You might think you and the people you work with are very good at communicating already. After all, we talk to our partners, family and friends without giving it too much thought! But communicating well takes a little finesse…
- Learn how to do ‘active listening’. When you’re listening, do you really hear what’s being said? Active listening is about making a deliberate effort not only to hear the words, but to understand the message that’s being given too. It means repeating back what you’re hearing, allowing plenty of opportunity for a person to speak, looking at the speaker directly, nodding occasionally and making small verbal comments like ‘mm-hmm’ and ‘yes’. Most importantly of all, active listening means not preparing your response whilst someone else is talking – instead, listen fully and then give your rebuttal! Here’s some great active listening advice.
- Use the right tools. As well as stronger face to face communication skills, it’s important the infrastructure you’re relying on allows for good communication too. For example, tools provided by the likes of upraise.io provide a platform for teams to communicate. Employees involved on a project can talk to one another and receive continuous feedback, recognition, praise and instruction from their managers and co-workers. But best of all? This kind of communication tool ensures that voices are heard and the necessary people are included in relevant conversations. There are various tools at your disposal, from setting up employee text alerts to top-level management communication and it’s up to you to make the most of them.

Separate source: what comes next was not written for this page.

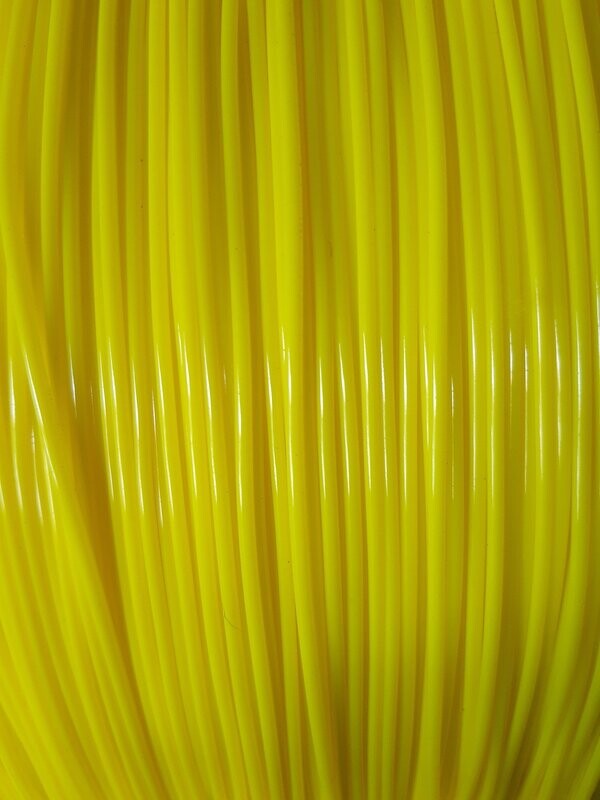 FILS CREUX 4MM JAUNE FLUO - Le fil de 2m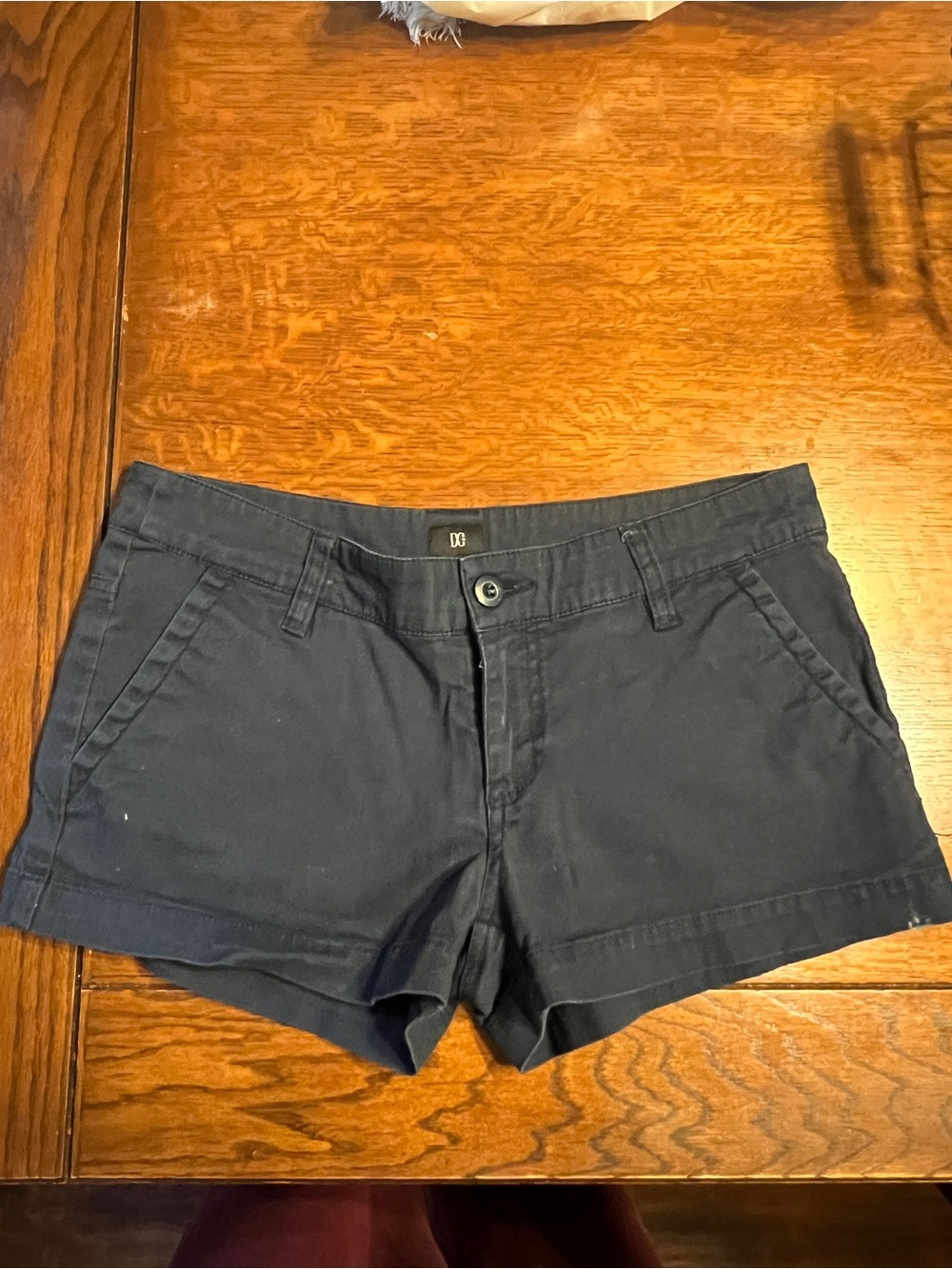 DC Women's Navy Chino Bermuda Shorts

- Be clear about good digital etiquette. Emails are an obvious minefield for communication mishaps. Set clear guidelines for everyone to abide by: the tone should be professional if you’re in the kind of office that values a formal approach, and everyone should make the time to remember their manners! Encourage employees to refrain from emailing if they’re displeased or upset – it’s better to get up and talk face to face so that a situation doesn’t escalate. The biggest consideration in digital etiquette however is to keep things clear and concise: unnecessarily long emails compound a person’s workload and chew up too much time. Keep it short and sweet.

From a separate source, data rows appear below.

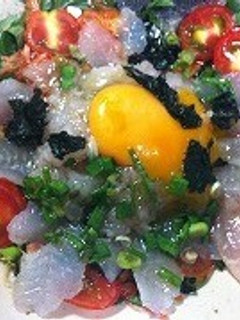 白身魚のユッケ風-レシピのメイン写真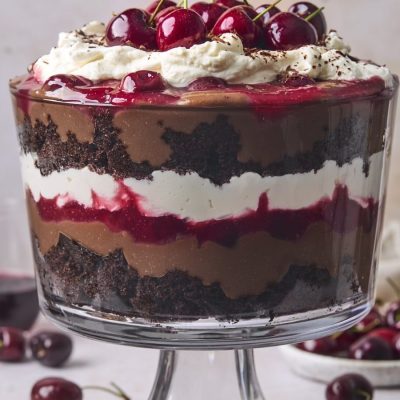 Chocolate Cherry Truffle Cake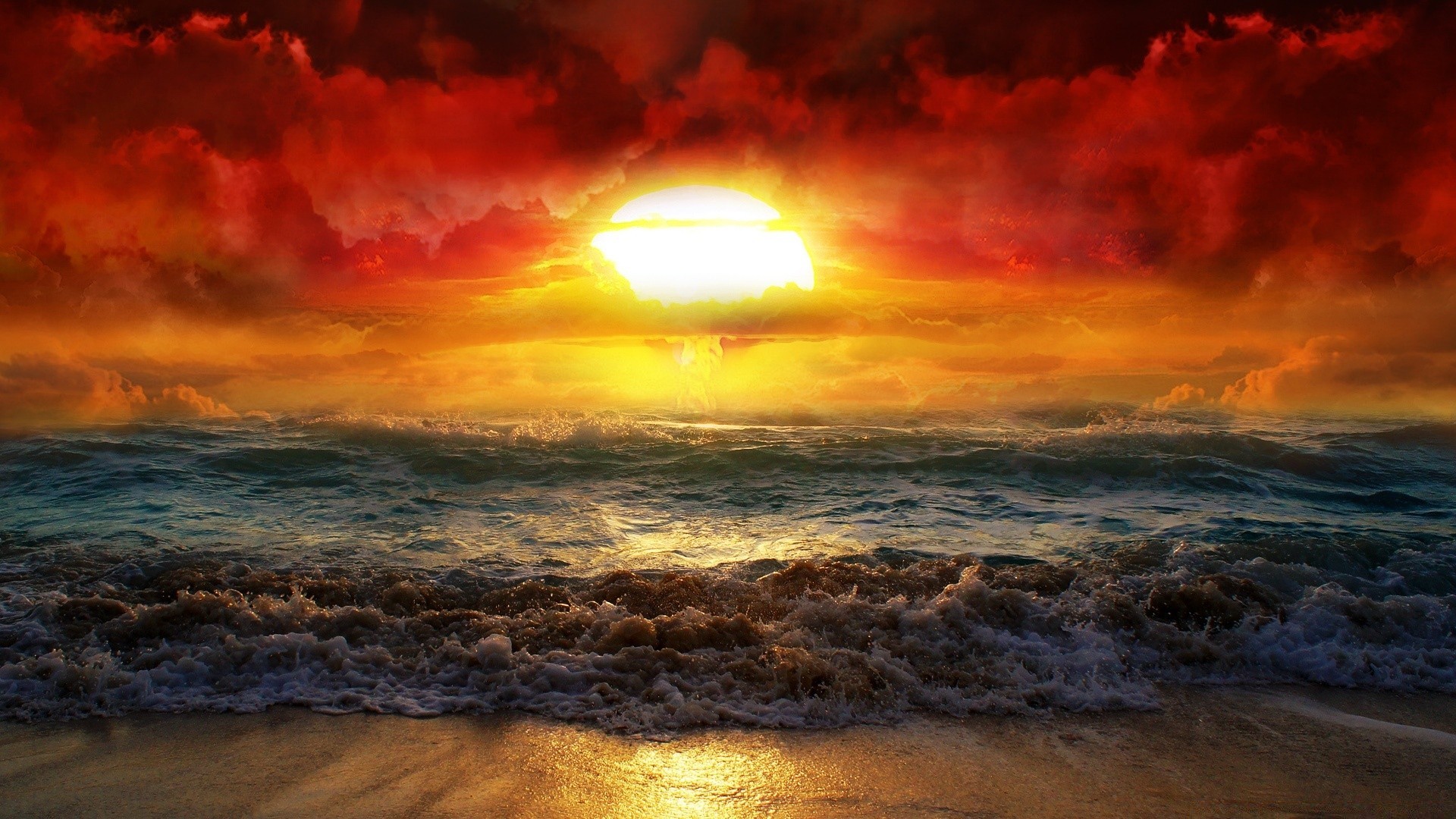 sea and ocean sunset ocean sea dawn beach water dusk sun seascape evening seashore sky wave landscape storm fair weather cloud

- Check your body language. We actually have a very colourful conversation with our body language… whether we’re aware of it or not! For example, standing up tall and widening our stance displays power, status and confidence. Maintaining eye contact is important in the office too. Whilst you don’t want to stare, you should have looked in a speaker’s eyes for long enough to know what colour their eyes are. This will make people feel that they are valued and that you are listening to them. Good body language even extends to perfecting your handshake! What does your handshake say about you?
5. Schedule regular meetings. One way to guarantee the improvement of communication in the workplace is to schedule time for it. For example, you could set dates for weekly team meetings, monthly 1-2-1s, regular interdepartmental brainstorms, or even invite the whole office for a catch up at the end of each week. These kinds of meetings offer employees a great opportunity to come up with ideas, feedback on what’s going on, learn what’s happening elsewhere in the business and boost the sense of morale overall.